Data provided:
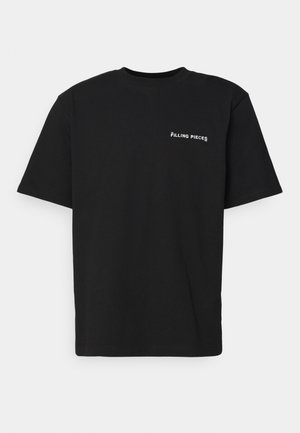 T-shirt noir à manches courtes et col rond avec un petit logo blanc "Filling Pieces" sur le côté gauche de la poitrine.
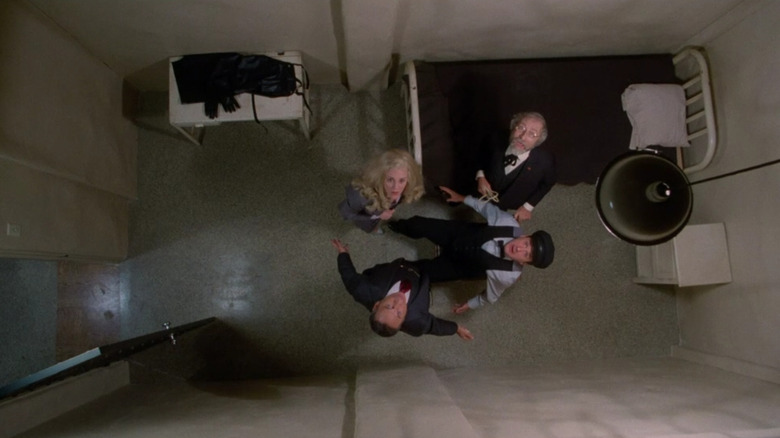 A group of people seen from the ceiling of an asylum cell in High Anxiety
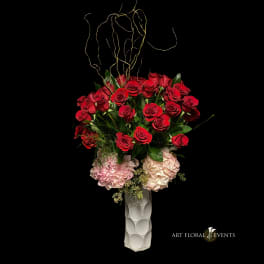 Red roses and pink hydrangeas in a tall white vase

Directions for this task:
Give the listing again exactly, minus its images.

Task solution:
 T-shirt noir à manches courtes et col rond avec un petit logo blanc "Filling Pieces" sur le côté gauche de la poitrine.
 A group of people seen from the ceiling of an asylum cell in High Anxiety
 Red roses and pink hydrangeas in a tall white vase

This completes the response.